Dopo l’apertura, è previsto un piano di monitoraggio costante, a cadenza programmata, per essere sicuri che non ci siano ritorni del contagio. Anche in questo caso, le indicazioni sono un po’ troppo generali e quindi temiamo che non sia così semplice da organizzare, nella pratica.

CONCLUSIONI

Riteniamo assolutamente necessaria una fase urgente di ridefinizione di bisogni e servizi, altrimenti la fase 2 sarà un altro disastro, come già è stata la fase 1. Lo diciamo senza giri di parole, perché è chiaro che non si tratterà di un ritorno alla “normalità” pre-coronavirus – che comunque era ben lontana dalla perfezione – e ancora per lunghi mesi dovremo convivere con una situazione di emergenza.

Ribadiamo che è impensabile che il peso di questa emergenza continui a ricadere così profondamente, talvolta interamente, sulle famiglie: quello che è successo negli ultimi mesi non può essere sostenibile a lungo termine.
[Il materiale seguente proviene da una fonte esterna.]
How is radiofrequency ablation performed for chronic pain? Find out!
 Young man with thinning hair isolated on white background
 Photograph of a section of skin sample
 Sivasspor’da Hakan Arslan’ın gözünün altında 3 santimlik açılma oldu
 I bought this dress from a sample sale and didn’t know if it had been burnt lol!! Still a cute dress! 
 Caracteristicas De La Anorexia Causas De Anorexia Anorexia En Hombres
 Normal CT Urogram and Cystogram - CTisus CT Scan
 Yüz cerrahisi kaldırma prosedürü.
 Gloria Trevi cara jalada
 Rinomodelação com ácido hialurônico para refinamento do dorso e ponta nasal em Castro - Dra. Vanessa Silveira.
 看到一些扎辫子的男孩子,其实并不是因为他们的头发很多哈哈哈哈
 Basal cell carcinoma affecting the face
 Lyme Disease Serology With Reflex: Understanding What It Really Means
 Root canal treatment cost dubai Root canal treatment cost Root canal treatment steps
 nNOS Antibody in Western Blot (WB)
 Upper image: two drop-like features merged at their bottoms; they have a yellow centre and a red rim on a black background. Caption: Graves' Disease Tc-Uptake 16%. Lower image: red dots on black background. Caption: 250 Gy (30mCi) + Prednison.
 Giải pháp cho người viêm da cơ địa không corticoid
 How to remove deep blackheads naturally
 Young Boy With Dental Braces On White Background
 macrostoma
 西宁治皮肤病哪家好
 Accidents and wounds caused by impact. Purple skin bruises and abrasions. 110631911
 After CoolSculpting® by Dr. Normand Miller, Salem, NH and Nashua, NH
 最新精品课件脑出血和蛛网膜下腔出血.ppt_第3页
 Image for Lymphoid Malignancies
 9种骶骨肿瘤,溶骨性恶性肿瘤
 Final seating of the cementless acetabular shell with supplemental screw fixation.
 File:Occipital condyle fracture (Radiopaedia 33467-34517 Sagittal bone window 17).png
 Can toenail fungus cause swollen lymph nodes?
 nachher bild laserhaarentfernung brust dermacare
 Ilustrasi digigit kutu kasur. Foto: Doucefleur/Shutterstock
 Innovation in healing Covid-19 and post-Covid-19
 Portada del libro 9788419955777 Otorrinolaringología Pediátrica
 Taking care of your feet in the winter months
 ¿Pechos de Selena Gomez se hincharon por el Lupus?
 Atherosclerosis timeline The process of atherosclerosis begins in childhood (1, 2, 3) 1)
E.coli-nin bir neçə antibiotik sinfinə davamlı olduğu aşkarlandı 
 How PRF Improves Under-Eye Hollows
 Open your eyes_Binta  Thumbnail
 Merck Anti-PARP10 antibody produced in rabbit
Non possiamo permettere che qualcuno pensi ad uno scambio di qualche euro alle famiglie a fronte della rinuncia ai servizi, tanto più ora che le famiglie potrebbero risentire grandemente della crisi che si prospetta.

Lo ripetiamo forte e chiaro: nessun taglio ai servizi è accettabile, le famiglie non possono essere lasciate sole.

Le crisi più profonde, come quella che abbiamo vissuto e stiamo ancora vivendo, possono essere l’occasione per ripensare ai modelli e migliorarli: dobbiamo cogliere questa occasione per procedere alla riforma e all’aggiornamento dei servizi: basta standardizzazione, le associazioni di rappresentanza devono coprogettare con le istituzioni percorsi e servizi che puntino sull’aumento e alla stabilizzazione delle “abilità” di ciascuna persona. Senza dimenticare tematiche fondamentali come il “durante e dopo di noi” e la costruzione di “progetti di vita indipendente”, che devono essere potenziati su tutto il territorio, anche in osservanza del dettato della Convenzione ONU sui diritti delle persone con disabilità che, è sempre bene ricordarlo, è legge dello Stato italiano dal 2009.